● What to work on
Write out, from the entries below, exactly the lines that run between the lines holding "LA-MULANA 1 &amp;" and "R30464TXS ScotRail Class", inclusive, and stop there.

Extracted records:
*****
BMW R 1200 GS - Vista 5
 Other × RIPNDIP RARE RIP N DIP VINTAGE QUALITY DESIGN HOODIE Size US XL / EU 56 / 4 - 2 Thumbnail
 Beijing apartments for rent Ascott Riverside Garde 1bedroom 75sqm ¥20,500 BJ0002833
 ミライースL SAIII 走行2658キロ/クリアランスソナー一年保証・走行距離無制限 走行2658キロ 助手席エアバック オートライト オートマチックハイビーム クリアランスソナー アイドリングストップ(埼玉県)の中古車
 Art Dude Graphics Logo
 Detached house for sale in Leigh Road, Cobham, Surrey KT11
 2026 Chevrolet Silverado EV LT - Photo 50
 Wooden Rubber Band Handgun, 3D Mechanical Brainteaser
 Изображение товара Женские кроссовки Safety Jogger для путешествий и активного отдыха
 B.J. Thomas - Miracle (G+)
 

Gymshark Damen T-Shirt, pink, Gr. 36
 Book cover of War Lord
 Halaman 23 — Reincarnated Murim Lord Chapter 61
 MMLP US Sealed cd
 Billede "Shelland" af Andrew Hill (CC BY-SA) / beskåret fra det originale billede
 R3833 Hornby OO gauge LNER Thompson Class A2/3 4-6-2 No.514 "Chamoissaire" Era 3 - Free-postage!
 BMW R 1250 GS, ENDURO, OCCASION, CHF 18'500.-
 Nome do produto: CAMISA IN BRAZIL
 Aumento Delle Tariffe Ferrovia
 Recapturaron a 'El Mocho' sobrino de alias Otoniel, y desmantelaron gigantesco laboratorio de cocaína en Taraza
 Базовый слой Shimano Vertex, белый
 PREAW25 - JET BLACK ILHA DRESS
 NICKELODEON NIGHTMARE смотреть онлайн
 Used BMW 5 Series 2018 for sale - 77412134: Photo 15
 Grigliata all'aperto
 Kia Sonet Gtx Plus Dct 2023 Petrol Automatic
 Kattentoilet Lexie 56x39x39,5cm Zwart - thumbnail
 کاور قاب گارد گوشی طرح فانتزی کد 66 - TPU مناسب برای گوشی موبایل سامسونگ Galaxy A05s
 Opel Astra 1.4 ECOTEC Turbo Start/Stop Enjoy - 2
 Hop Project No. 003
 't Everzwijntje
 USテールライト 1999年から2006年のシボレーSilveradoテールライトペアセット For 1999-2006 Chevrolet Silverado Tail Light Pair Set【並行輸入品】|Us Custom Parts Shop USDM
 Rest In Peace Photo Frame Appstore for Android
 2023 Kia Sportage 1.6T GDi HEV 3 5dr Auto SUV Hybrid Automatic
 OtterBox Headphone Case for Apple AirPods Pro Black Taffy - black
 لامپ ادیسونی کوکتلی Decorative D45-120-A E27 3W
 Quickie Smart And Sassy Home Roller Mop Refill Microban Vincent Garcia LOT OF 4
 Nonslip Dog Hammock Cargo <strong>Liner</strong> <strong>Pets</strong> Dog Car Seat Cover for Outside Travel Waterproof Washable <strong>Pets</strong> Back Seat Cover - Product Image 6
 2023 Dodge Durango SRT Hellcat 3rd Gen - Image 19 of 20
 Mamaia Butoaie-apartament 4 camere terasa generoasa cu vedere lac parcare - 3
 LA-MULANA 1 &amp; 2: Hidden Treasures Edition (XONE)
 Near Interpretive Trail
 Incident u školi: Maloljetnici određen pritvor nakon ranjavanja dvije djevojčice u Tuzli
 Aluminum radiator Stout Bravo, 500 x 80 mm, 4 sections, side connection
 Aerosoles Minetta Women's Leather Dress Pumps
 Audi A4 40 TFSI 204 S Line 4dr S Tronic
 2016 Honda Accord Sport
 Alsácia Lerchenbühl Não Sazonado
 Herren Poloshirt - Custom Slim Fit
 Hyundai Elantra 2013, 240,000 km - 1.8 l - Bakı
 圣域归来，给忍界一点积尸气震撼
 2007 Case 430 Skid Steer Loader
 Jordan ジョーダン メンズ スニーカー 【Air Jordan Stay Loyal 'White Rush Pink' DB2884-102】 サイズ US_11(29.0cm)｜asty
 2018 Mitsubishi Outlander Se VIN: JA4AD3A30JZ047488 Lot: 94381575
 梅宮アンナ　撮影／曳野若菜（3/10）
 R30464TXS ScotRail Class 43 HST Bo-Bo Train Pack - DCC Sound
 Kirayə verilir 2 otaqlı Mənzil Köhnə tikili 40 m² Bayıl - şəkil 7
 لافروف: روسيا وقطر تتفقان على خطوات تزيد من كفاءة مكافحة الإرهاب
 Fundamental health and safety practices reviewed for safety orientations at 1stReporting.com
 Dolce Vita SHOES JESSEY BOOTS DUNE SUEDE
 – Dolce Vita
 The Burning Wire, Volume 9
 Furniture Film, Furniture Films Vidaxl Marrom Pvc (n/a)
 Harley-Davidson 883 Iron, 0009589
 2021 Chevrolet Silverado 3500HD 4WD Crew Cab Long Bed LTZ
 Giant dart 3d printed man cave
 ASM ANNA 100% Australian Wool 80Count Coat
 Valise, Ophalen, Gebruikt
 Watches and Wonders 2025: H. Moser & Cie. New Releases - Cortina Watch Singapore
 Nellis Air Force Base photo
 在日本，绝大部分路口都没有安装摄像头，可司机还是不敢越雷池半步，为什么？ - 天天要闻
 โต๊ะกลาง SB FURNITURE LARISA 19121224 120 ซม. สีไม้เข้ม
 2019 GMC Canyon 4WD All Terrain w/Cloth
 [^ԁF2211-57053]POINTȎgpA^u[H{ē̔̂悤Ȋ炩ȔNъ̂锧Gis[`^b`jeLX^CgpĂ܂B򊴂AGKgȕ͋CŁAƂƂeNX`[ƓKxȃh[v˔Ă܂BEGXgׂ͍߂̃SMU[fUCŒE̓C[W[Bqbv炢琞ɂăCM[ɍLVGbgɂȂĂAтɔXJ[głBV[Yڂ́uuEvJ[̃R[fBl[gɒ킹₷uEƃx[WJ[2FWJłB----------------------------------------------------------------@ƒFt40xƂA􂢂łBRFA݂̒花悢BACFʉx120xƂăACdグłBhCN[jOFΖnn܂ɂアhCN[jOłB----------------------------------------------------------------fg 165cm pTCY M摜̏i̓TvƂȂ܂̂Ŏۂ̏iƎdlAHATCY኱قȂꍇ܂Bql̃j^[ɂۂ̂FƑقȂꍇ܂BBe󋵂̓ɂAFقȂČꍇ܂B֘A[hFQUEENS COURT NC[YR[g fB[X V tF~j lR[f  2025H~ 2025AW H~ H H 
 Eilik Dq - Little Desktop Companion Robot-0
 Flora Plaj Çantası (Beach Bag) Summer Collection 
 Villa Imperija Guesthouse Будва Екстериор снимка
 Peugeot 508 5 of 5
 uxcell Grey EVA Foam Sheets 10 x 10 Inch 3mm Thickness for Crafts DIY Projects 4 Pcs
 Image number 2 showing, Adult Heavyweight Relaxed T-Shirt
*****
● Written solution
 LA-MULANA 1 &amp; 2: Hidden Treasures Edition (XONE)
 Near Interpretive Trail
 Incident u školi: Maloljetnici određen pritvor nakon ranjavanja dvije djevojčice u Tuzli
 Aluminum radiator Stout Bravo, 500 x 80 mm, 4 sections, side connection
 Aerosoles Minetta Women's Leather Dress Pumps
 Audi A4 40 TFSI 204 S Line 4dr S Tronic
 2016 Honda Accord Sport
 Alsácia Lerchenbühl Não Sazonado
 Herren Poloshirt - Custom Slim Fit
 Hyundai Elantra 2013, 240,000 km - 1.8 l - Bakı
 圣域归来，给忍界一点积尸气震撼
 2007 Case 430 Skid Steer Loader
 Jordan ジョーダン メンズ スニーカー 【Air Jordan Stay Loyal 'White Rush Pink' DB2884-102】 サイズ US_11(29.0cm)｜asty
 2018 Mitsubishi Outlander Se VIN: JA4AD3A30JZ047488 Lot: 94381575
 梅宮アンナ　撮影／曳野若菜（3/10）
 R30464TXS ScotRail Class 43 HST Bo-Bo Train Pack - DCC Sound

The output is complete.